Rules and postal dependency

  • Structured rules use column-level features such as c_CANADA_ADDRESS_KEYWORD, c_CANADA_PERSON_NAME_LOOKUP, c_CANADA_CITY_LOOKUP, c_CANADA_PROVINCE_LOOKUP, and for strict address patterns c_CANADA_POSTAL_CODE_ML_MODEL. Enable the Canada structured rules you need under Discovery → Rules.
  • Unstructured rules combine these features within a word proximity window (for example address keyword + postal model). Use Discovery → Rules Mapping so outputs map to CANADA_ADDRESS, CANADA_CITY, CANADA_PROVINCE, and CANADA_PERSON_NAME.
  • If a rule requires it, enable CANADA_POSTAL_CODE (tag, model CANADA_POSTAL_CODE_ML_MODEL, and CANADA_POSTAL_CODE_KEYWORD when your rules reference it). Without the postal model, strict Canada address rules may not apply.

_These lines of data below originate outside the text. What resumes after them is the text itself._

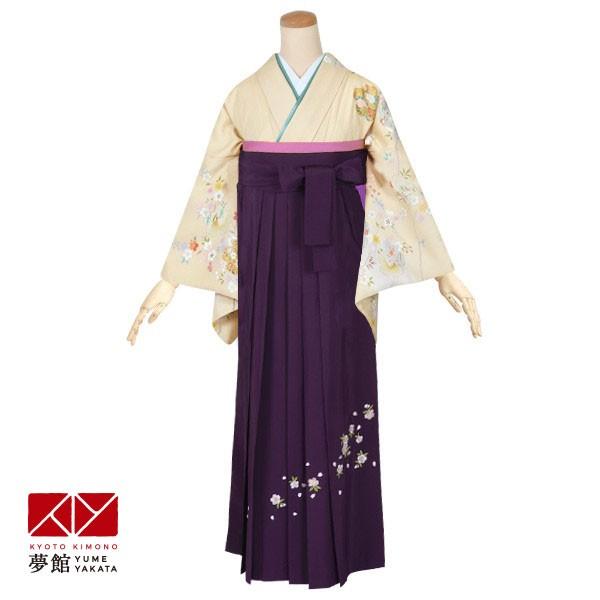 卒業式 袴レンタル 先生 教員 訪問着袴 フルセット 上品 クリーム　花尽くし(宅) HG600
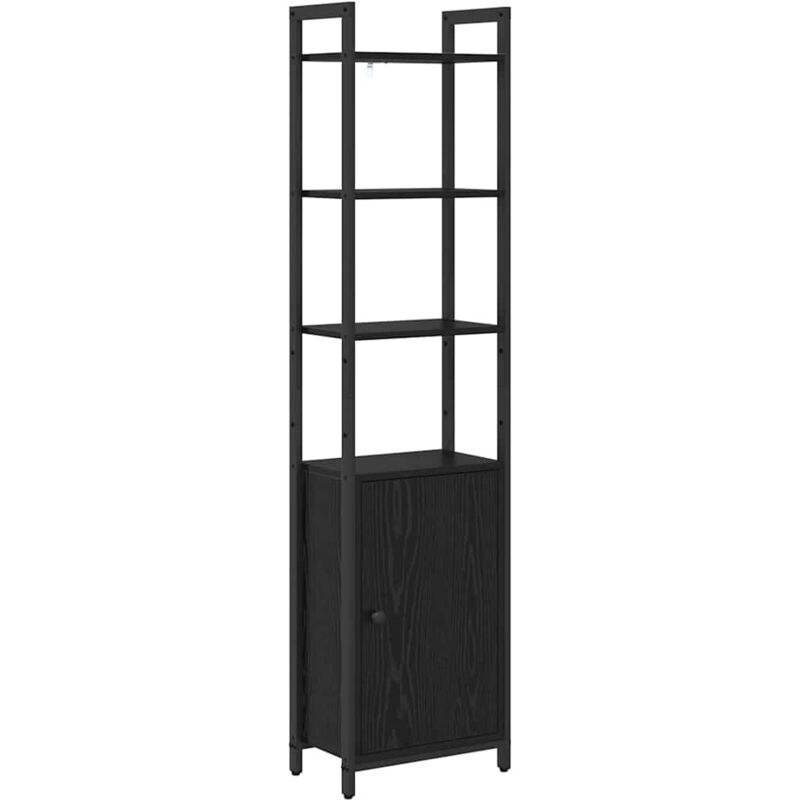 Book Cabinet Black Oak 40 X 24 X 161 Cm Engineered Wood Vidaxl
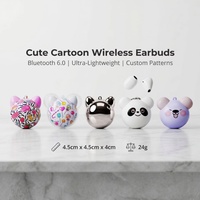 Mini écouteurs TWS avec cordon et motif de dessin animé mignon, étanches IPX-3, charge Type-C, 5 formes d'animaux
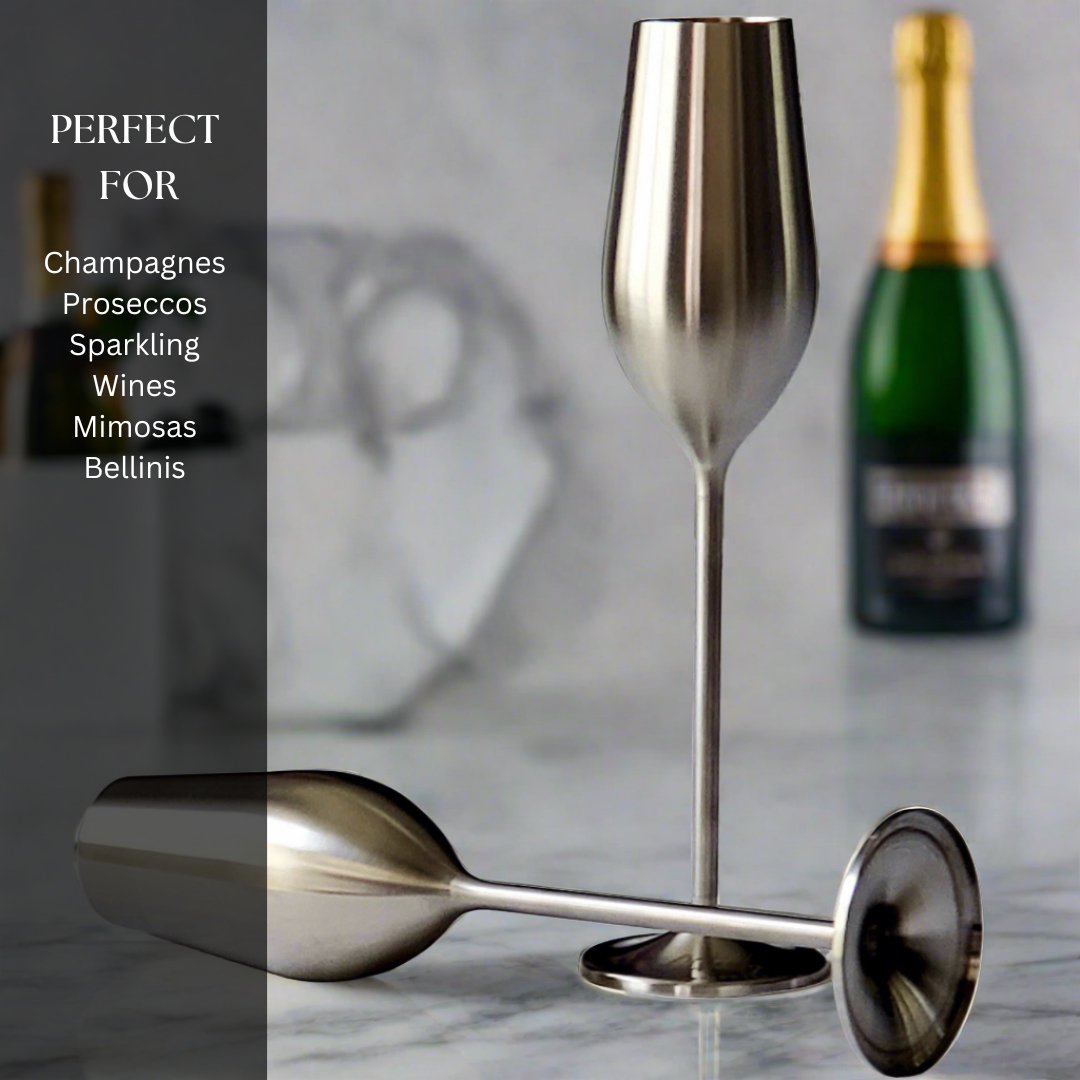 unbreakable champagne flutes (silver)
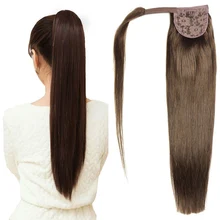 ZZHAIR 100 г 1"-28" машинное производство, волосы remy, волшебное обертывание вокруг конского хвоста, человеческие волосы для наращивания, конский хвост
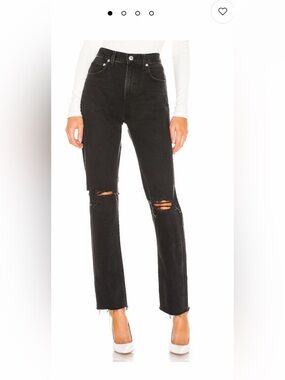 AGOLDE Cherie Black High-Rise Distressed Straight Jeans 27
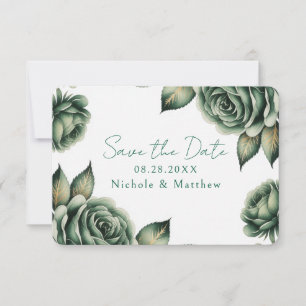 Smaragdgrüne und goldene Rosenhochzeit Save The Date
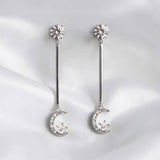 Cubic Zirconia, and Stainless Steel Moon and Star Stud Dangle Earrings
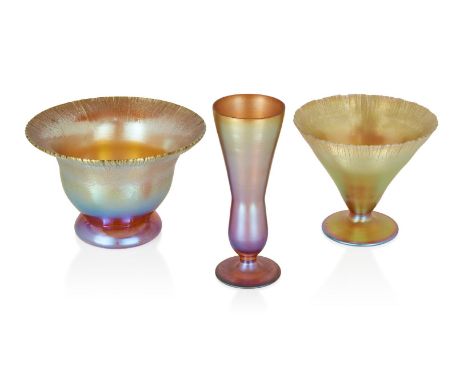 WMF (German), a group of three 'Myra' iridescent glass vases,c.1930, solifleur has original WMF paper label, Comprising:- a v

What to disable for Canada-first classification

US and generic detectors overlap the same signals (names, cities, states, street-style text). Leaving them enabled can produce PERSON_NAME, US_CITY, US_STATE, or US_ADDRESS alongside or instead of CANADA_* tags.

For Canada-first scans on the same data:

  1. Tags — Disable PERSON_NAME, US_CITY, US_STATE, and US_ADDRESS when you want only CANADA_PERSON_NAME, CANADA_CITY, CANADA_PROVINCE, and CANADA_ADDRESS respectively.
  2. Dictionaries — Disable US counterparts that feed those tags (for example PERSON_NAME_LOOKUP, US_CITY_LOOKUP, US_STATE_LOOKUP, and dictionaries tied to US_ADDRESS / street-address patterns).
  3. Rules — Disable structured and unstructured rules that output the US tags above; keep Canada dictionary and model rules enabled.
  4. Models — Keep CANADA_POSTAL_CODE_ML_MODEL enabled if your Canada address rules depend on it.

Portal naming

Exact labels can vary by release. Search Tags, Dictionaries, and Rules for the names above.

Quick checklist

  • Enable CANADA_ADDRESS, CANADA_PERSON_NAME, CANADA_CITY, CANADA_PROVINCE (as needed).
  • Enable the four Canada dictionaries and link tags on each.
  • Enable Canada postal tag/model/keyword when address rules need the postal model.
  • Enable Canada rules and Rules Mapping for unstructured output.
  • Disable PERSON_NAME, US_CITY, US_STATE, US_ADDRESS (and related rules/dictionaries) when you want Canadian identifiers without US overlap.

Best Practices

  • Use Fuzzy Match for unstructured or user-generated content where spelling or word variations may occur.
  • Use Exact Match for clean, controlled and consistent data like predefined lists or official terms.
  • Use Pattern Match for structured formats and identifiers such as IDs, email addresses, or phone numbers.

Conclusion

Dictionaries in Privacera Discovery provide flexibility and control in identifying sensitive information. By leveraging the appropriate match type—fuzzy, exact, or regex—you can improve detection accuracy and enhance your data governance policies.